===== Records provided
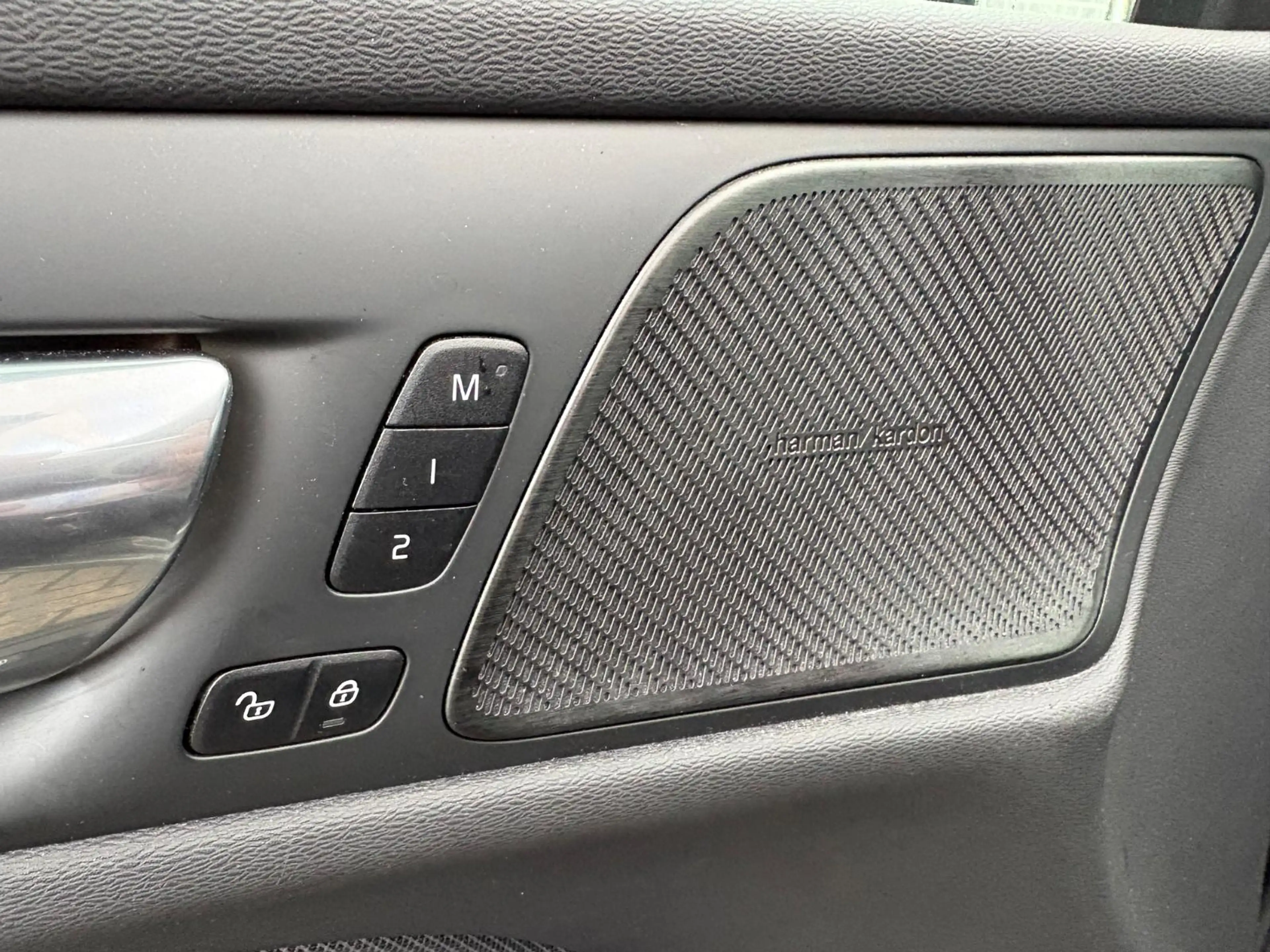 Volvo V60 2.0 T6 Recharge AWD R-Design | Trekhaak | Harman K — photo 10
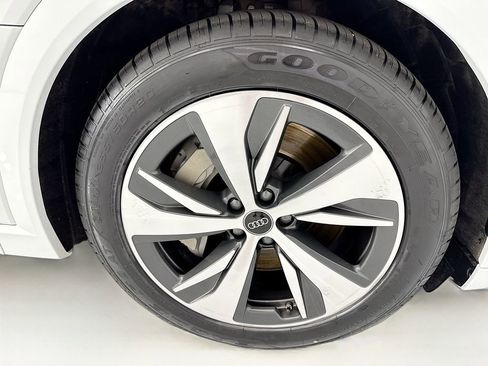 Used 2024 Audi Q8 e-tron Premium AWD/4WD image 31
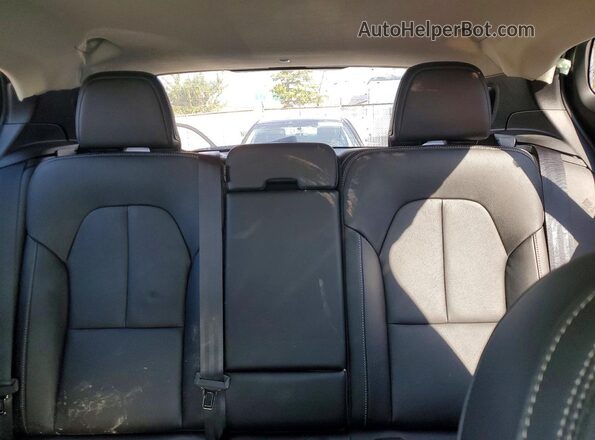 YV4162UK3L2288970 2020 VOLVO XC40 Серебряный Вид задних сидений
==========
===== Records provided
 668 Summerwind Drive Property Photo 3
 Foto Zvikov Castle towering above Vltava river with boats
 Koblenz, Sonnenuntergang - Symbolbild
==========
Assignment: Only the lines of the listing above from the one with "Volvo V60 2.0" through the one with "YV4162UK3L2288970 2020 VOLVO" should be output, exactly, with both ends kept and pictures left out.

Final answer:
 Volvo V60 2.0 T6 Recharge AWD R-Design | Trekhaak | Harman K — photo 10
 Used 2024 Audi Q8 e-tron Premium AWD/4WD image 31
 YV4162UK3L2288970 2020 VOLVO XC40 Серебряный Вид задних сидений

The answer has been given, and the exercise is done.